EDLX Spotlight #21: Alan Fitzpatrick -
We hooked up with Alan to talk music, studio, releases and have a good listen to his brand new electric deluxe podcast…
EDLX: How did you start producing and when?
AF: I started producing 10 years ago, at home in my bedroom. Then I enrolled on a music technology course for a year and bought a studio and started from there. I was really eager to get started so I took out a small loan and bought all the equipment I could afford. Even back then I was making music with Dave Robertson – he was on the same course as me so it made sense to work together as we were into the same things and started at the same time. Back then I was using Cubase with VFT’s and an old Akai sampler, a big Makki mixing desk and Yamaha NS10 monitors. Pretty soon after I started using Reason One.
EDLX: What is your approach to putting the tracks together in the studio?
AF: I usually start with a four bar loop including the kick, bass, percussion. Then I build on from that with synth lines or vocals and effects but get everything together in one loop and then id look at how I would compose the track from there.

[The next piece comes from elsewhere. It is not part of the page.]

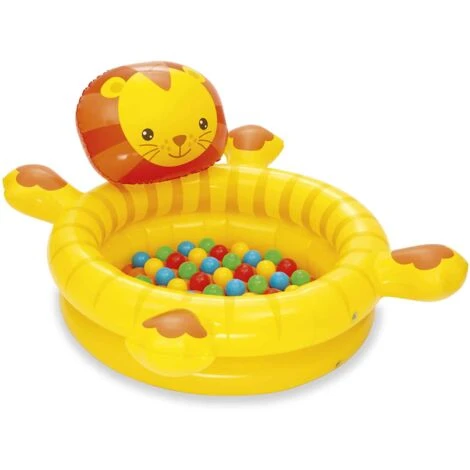 Piscina Di Palline Gonfiabile Per Bambini León Con 50 Palline Colorate Bestway 111x98x61,5 Cm 1 Piscina Di Palline Gonfiabile Per Bambini León Con 50 Palline Colorate Bestway 111x98x61,5 Cm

Once I get the loop together its quite easy to get the sound right but then the arrangement after that is harder. Sequencing is the real work. Making the loops is just fun. Sometimes I go into the studio knowing what I want to make but that often changes during the process. That said I find it is important to have some idea otherwise you can get lost and what you make sounds rubbish.
EDLX: Can you describe your sound?
AF: I really hate answering this question… but my management have been using the phrase “heavy funk” recently in my press releases.. Everything I do tends to have a heavy bass and strong groove with a good bit of wiggle.
EDLX: Can you reference some of your influences?
AF: For me my musical inspiration started in the 80’s listening to the first electronic sounds. People like David Bowie, Herbie Hancock, Phil Collins, Human League, Depeche Mode, Kraftwerk… when I first heard music that used drum machines and synths it was by these artists.
EDLX: What do you listen to when you are not producing music?
AF: All of the above plus some more modern stuff. Examples of things I’ve been listening to lately have been Gotye, Sub Track, Burial, The Black Keys, Little Dragon, Boards Of Canada and Crazy P.
EDLX: What have been your gig highlights of the last 6 months?
AF: Playing New York, Los Angeles and Detroit was a real experience. Drumcode shows in London on Halloween and at Berghain in November were amazing. Fabric on NYE was personally a big show for me being from UK and having been a punter at Fabric so many times. Just the other week I was in Colombia with Joseph Capriati and this was my first time in South America and now I have been bitten by the bug so I hope to be back there again soon.
EDLX: What is your electric deluxe top ten from the back catalogue?
AF: In no particular order…
Gary Beck – Egoist
Phil Kieran – Empty Vessels (Gary Beck Remix)
Back Pack Poets – Objective G
Speedy J – Shoegaze (Speedy J Tool)
Brendon Moeller – Wanderer (Jonas Kopp Remix)
Speedy J & Chris Liebing – Maggie
Terence Fixmer – Dance Like Paranoid (Marcel Dettmann Remix)
Phil Kieran & Jochem Paap – Paint & Chemicals Dept (Bonus Mix)
Terence Fixmer – Drastik (Planetary Assault Systems Remix)
Echologist – Freak
EDLX: Who surprises you the most when you play with them? Who is pulling out records that you don’t know?
AF: Well, I play a lot in Germany and there are a lot of guys there who only play vinyl so I am always picking up names of artists or labels that are new to me from the music they play. There is one guy who DJs under the name of Axel Foley in Pforzheim whom I was really impressed with recently. Other than that I’d have to say Adam Beyer. Whenever we play together I am always surprised by tracks he played and sometimes they are things I have already but they just sound different when he plays them!
EDLX: At EDLX one part of releases has been tools. Do you make tools for your own DJ sets are you playing lots of edits?
AF: Yeah, I’ve done a few bootleg mixes of things and a few special versions of my own releases. For example, I did a remix of Funk D’Void’s Diabla and Mark Broom’s Meltin Pot which never got released but always go down really well in my sets.
EDLX: Your EP on Dumcode is out now, ‘Life Through Different Eyes’, would you like to tell us about it?
AF: Id say it has been a really important release for me. I trued to make something which was a bit more mature than what had come before and I took a few risks too by using vocals etc but it seems to have paid off really well. It was my first solo number one on Beatport and all the feedback I have had has been really complimentary.